What can you do with this?

Dan Meyer of dy/dan fame has a series of posts titled “What can you do with this?” — where he shows a picture or video with some sort of math connection, and asks teachers how they might use it in class. (Others are jumping on the bandwagon.) I figured why not. I love the idea. What I’ve noticed is that many of the pictures deal with ratios and proportions. I wonder if we can get pictures that deal with other things — like radical equations and limits.

Michael Lugo at God Plays Dice directed me to the following picture:

Fantastic, isn’t it! What you could do in a math class isn’t obvious at first glance. But let’s see what you come up with! For a spoiler (do NOT check it out until you’ve come up with an idea yourself), see below the jump.

This picture comes from this paper.

1. I am historically bad at this game, but…

There are neat things going on with the frequencies of the letters creating a curve.
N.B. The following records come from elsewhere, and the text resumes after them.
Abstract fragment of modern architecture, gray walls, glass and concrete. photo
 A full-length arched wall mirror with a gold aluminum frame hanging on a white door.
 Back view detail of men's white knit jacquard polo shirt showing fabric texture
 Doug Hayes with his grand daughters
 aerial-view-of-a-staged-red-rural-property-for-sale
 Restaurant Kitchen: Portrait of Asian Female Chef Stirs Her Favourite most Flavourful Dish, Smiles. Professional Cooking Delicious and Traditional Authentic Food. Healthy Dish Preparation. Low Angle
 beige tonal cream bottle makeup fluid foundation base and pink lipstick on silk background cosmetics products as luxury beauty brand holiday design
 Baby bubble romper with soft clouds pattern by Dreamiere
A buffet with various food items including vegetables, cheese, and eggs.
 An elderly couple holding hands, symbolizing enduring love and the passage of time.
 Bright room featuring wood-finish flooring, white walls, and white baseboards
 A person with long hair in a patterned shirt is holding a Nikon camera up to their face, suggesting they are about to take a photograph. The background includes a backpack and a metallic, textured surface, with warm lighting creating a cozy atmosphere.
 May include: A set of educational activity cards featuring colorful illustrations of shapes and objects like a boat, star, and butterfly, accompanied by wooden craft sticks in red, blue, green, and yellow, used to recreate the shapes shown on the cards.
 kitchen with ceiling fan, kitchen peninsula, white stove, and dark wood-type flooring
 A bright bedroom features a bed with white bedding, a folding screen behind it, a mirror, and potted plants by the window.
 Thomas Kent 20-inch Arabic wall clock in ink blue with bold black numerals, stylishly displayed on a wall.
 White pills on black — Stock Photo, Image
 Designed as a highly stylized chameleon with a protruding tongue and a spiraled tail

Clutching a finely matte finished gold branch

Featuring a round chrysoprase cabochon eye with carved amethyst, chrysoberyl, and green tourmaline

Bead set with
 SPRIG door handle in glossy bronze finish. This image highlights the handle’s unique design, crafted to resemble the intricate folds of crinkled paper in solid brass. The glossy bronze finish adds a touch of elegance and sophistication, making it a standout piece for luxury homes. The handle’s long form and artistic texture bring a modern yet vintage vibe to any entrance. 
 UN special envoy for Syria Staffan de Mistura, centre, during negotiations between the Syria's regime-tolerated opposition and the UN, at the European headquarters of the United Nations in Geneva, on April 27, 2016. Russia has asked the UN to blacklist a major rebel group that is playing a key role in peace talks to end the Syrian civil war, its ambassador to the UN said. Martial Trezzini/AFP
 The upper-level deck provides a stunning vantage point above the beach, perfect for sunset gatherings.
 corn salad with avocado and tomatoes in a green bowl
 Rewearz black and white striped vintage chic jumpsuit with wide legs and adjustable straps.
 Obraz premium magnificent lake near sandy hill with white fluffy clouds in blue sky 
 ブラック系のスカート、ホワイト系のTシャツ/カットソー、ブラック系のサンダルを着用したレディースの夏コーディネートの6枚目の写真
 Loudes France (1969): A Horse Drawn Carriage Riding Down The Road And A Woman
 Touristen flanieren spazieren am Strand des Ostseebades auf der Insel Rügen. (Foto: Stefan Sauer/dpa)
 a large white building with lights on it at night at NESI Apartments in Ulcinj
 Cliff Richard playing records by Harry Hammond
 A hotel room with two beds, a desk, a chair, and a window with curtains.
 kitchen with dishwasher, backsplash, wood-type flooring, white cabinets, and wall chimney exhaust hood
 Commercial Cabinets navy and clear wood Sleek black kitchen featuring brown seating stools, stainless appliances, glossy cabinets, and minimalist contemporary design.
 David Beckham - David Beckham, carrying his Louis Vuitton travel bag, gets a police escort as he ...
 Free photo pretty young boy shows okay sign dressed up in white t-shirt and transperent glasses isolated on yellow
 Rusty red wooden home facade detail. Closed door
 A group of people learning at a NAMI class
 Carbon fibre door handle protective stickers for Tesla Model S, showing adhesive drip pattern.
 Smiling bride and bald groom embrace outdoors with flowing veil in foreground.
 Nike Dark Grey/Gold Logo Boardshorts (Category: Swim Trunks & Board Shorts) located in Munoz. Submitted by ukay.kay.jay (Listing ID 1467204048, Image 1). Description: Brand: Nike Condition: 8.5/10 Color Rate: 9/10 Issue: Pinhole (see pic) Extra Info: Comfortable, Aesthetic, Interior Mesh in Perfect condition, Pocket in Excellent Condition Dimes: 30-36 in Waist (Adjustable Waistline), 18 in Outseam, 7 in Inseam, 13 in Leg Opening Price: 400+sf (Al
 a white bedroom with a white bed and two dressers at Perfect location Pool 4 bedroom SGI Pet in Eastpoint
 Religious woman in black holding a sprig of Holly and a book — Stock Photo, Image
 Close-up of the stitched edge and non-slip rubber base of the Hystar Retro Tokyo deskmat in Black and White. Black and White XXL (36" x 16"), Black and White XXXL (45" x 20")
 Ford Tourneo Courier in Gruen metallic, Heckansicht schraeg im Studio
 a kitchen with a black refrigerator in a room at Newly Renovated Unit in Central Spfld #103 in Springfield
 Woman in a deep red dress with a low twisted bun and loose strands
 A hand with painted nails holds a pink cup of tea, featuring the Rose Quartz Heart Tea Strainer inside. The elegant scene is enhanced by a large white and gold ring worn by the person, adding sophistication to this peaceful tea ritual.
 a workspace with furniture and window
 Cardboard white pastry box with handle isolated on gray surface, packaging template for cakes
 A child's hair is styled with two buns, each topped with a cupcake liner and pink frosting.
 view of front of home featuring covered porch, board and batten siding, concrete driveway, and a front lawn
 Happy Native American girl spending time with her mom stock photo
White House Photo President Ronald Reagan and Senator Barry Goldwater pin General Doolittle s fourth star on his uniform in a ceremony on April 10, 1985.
I could see how many different curves we could get to fit parts of it, and try to find one that was the closest. And how do we evaluate “close”?

Cool picture! I’m looking forward to hearing what others see in it.

2. Maybe it’s that so many of us teach ratios for so much of the year that it’s the automatic thought. Certainly was my gut instinct with this one. Thickness of letters number of words that start with that letter.

And I just finished a unit with one class that’s along the lines of the link. Hopefully it’s not to late to pull it out…

3. Hmmm. A Pareto diagram? (That is, a graph of the cumulative probability distribution that a randomly chosen word begins with a particular letter.)

What percentage of English words come before “pseudo-interesting-example” in the dictionary? (The image gives a geometric approximation method akin to the Pareto diagram; opening the book and finding the page on which “pseudo-interesting-example” [would have] appeared gives an arithmetic approach.)

I suppose one can talk calculus here — where there’s a step function, there’s a Riemann and/or a Lebesgue integral — but that seems a tad far-fetched.

4. Druin says:

I see a cumulative frequency graph (an ogive). In fact, I think I will steal it for teaching ogives :)

Thanks!